*YOUR GOAL*. Take the line that contains "mother's day pet" and each line after it to the end of the data below, and set them down exactly, omitting pictures.

___ RAW DATA

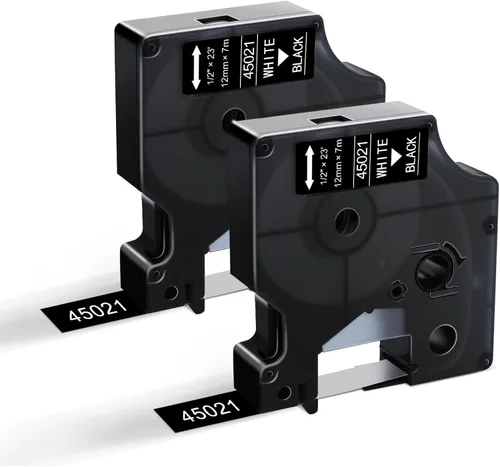 Cinta de etiquetas compatible con Dymo 160 45021, cinta blanca sobre negra, LabelManager 160, 280, 260P, 420P, 120P, 150, 1/2 pulgada x 23 pies,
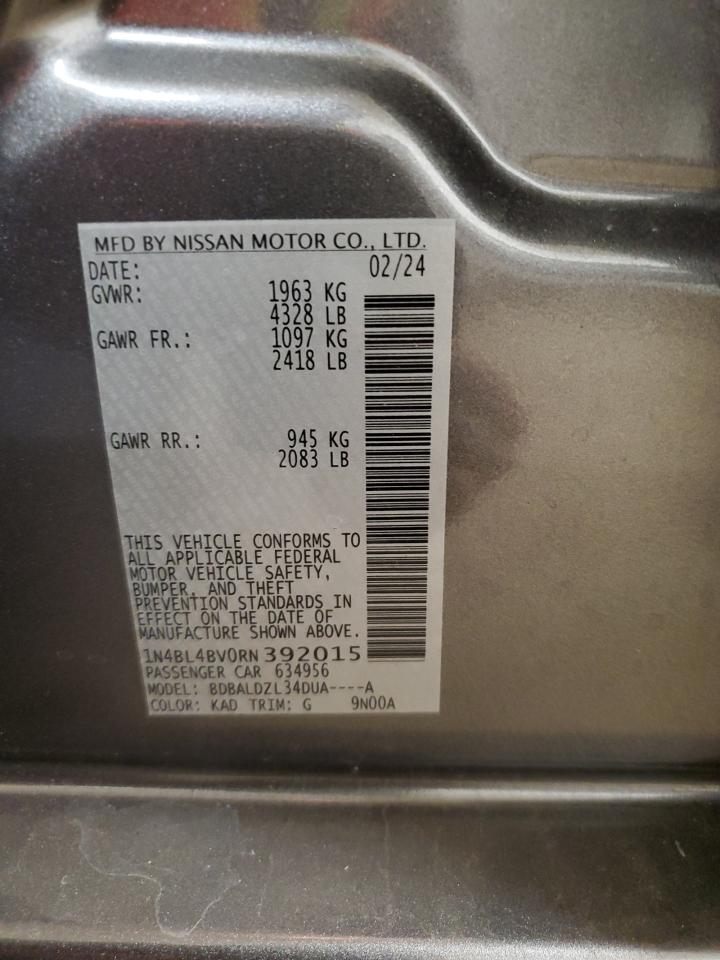 2024 NISSAN ALTIMA S VIN:1N4BL4BV0RN392015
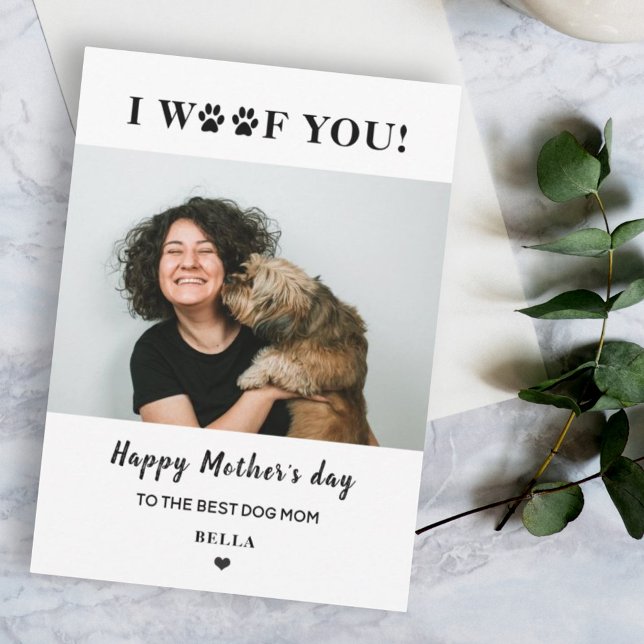 mother's day pet dog mom photo cute heart holiday card (Creator Uploaded)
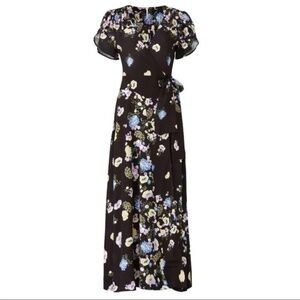 Free People Black Floral 'Jess Wrap Dress' Size XS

______

*THE ANSWER*.
 mother's day pet dog mom photo cute heart holiday card (Creator Uploaded)
 Free People Black Floral 'Jess Wrap Dress' Size XS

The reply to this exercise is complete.